Strange as it might seem, very little has been written about the building, its past seemingly ignored.

It was originally built for William Wilson and Son, coachbuilders and harness makers, forced to move from its old premises at Moorhead due to road improvements. The golden age of the horse and carriage came to an end at the beginning of the twentieth century, and it was no surprise that the company soon turned its attention towards the motor car.

Image by The British Newspaper Archive

By the time it went into voluntary liquidation in 1924 the company was well-known in Sheffield as a car dealer and motor engineer.

It was next occupied by Quinton, Arthur and Co, ironmongers, trading from the ground floor with the Cambridge Billiard Club (proprietor Ernest Leonard Searle) opening on the floor above in 1925.

Image by The British Newspaper Archive

Quinton Arthur’s tenure was short-lived due to a serious fire in 1926, an event that caused its demise a few months later.

In 1927, the premises were rebuilt around the iron framework, advertised as a large sales shop and basement, including Cambridge Chambers, a suite of offices alongside the Cambridge Billiard Hall.

Image by The British Newspaper Archive

By 1929, the ground floor was occupied by R. Bamber and Company, a Southport-based firm of coachbuilders established in 1893, which had also started selling motor cars.

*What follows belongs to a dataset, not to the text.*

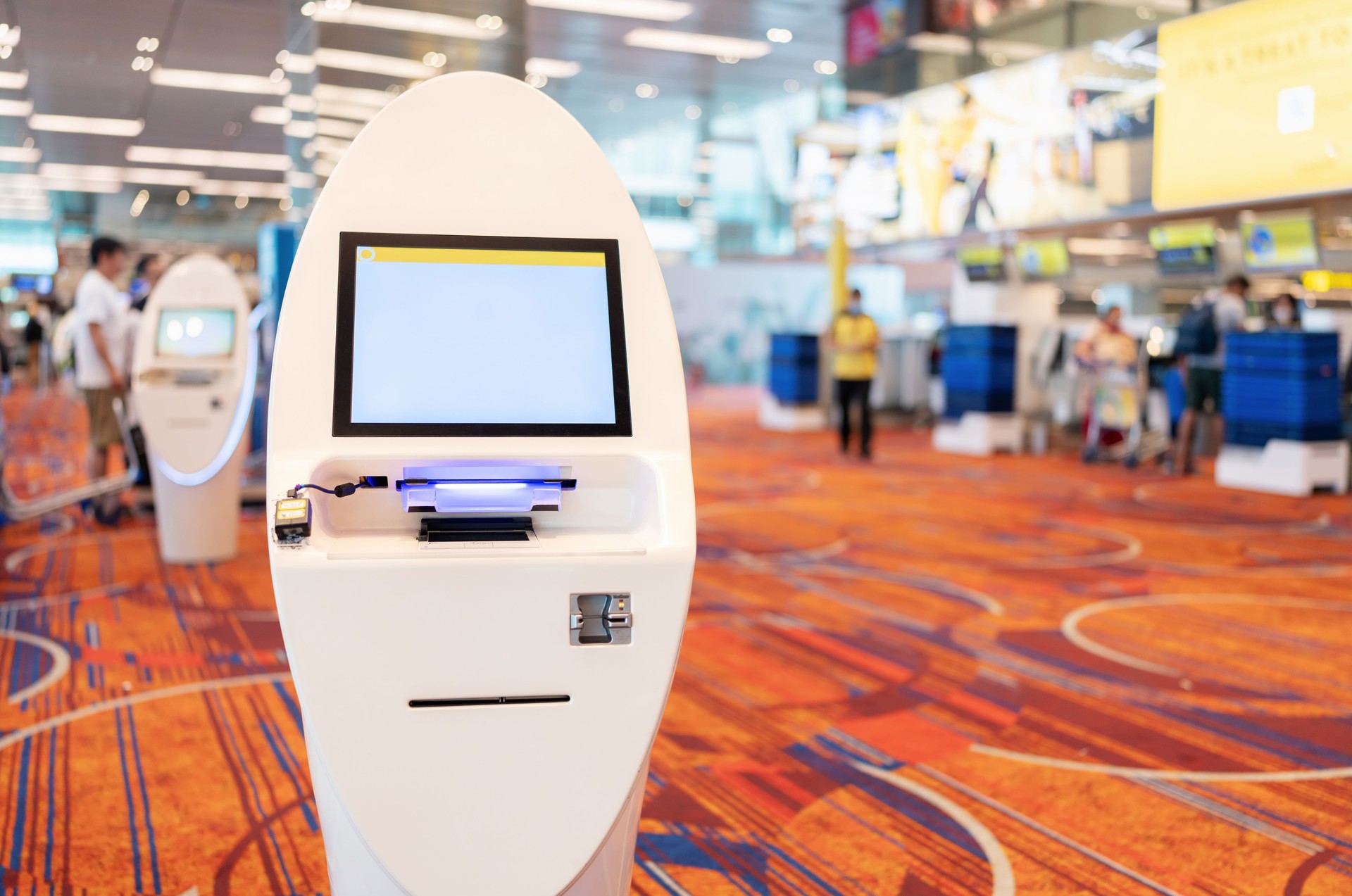 Automatic smart kiosk by eSafe Vending, located at the airport to assist passengers in checking in their flights..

Along with premises in Leeds, it moved into Cambridge Street selling “shop-soiled used cars,” and was soon advertising itself as the “Northern Motor Olympia.”

R. Bamber remained here until 1929 until handing over the premises to the Handsworth Motor Company, with a garage at the rear for forty cars.

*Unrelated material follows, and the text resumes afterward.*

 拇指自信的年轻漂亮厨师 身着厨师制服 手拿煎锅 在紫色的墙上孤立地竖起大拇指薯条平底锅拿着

Photograph by Picture Sheffield

It was a brief existence and very soon the building was purchased by J. Gilder, a company that came to prominence in Sheffield.

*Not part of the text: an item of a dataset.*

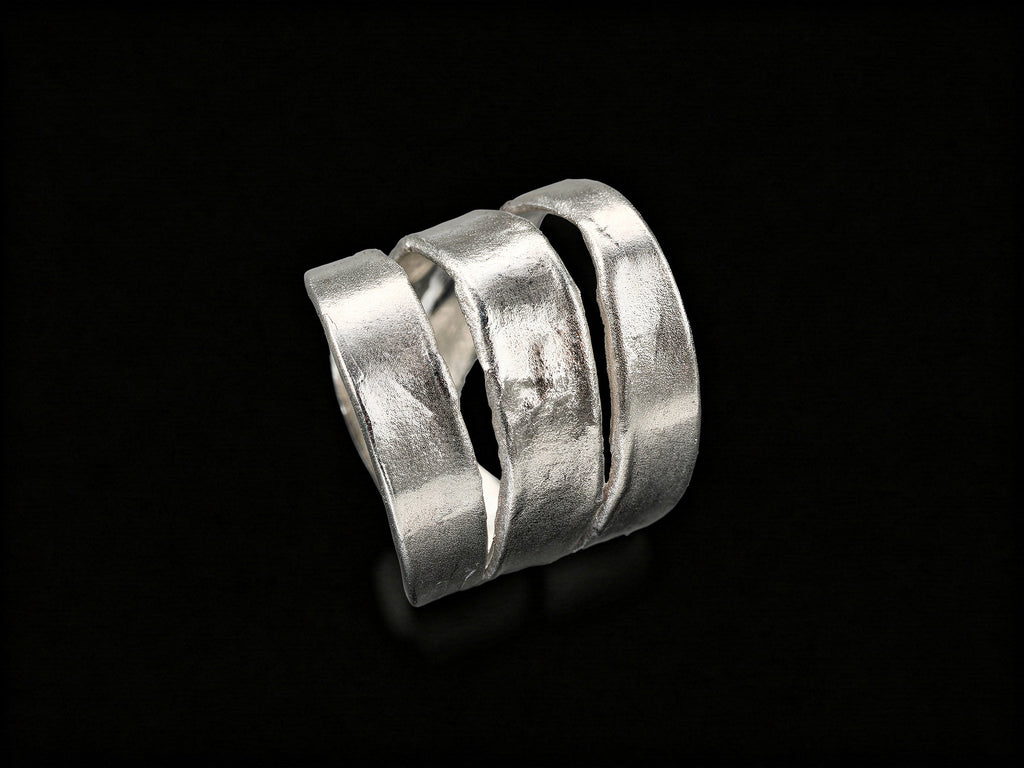 925 sterling silver ring, close side view with wide cuff-like layered bands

Jack Gilder’s grandfather began selling and servicing cars as far back as 1912, his grandson setting up a new company in 1938. Jack went off to fight in World War Two and it was while in Belgium that he came across a car which changed the company’s fortunes.

The business was relaunched with a Rootes franchise in 1946, but it was Jack’s obsession with the design and engineering of the Volkswagen Beetle that made him approach the German manufacturer with a view to selling them.

It was a courageous move for Jack to sell a German product so soon after the war, and it was from this building that J. Gilder sold the first ever Volkswagen Beetle in Britain and became VW’s first UK dealership.

Gilder’s remained on Cambridge Street before moving to Banner Cross in the 1960s, and is now part of JCT600, a West Yorkshire-based motor group.

While changes went on below, it’s worth mentioning the Cambridge Billiard Hall that subsequently became Faulkeners and remained until the 1980s. By this time, it was long past its best, fondly remembered for its “bad flooring, rubbish on the floor, poor lighting, cigarette smoke and freezing cold temperatures.”

Photograph by Picture Sheffield

The former car showroom became the Nameless Restaurant between 1979-1985, before becoming a takeaway. In 1987, a fire in the restaurant destroyed the whole of the building, including the old billiard hall, paving the way for J.D. Wetherspoon to rebuild it, once again using the iron frame, incorporating The Benjamin Huntsman (opened 1999) with an adjacent new build.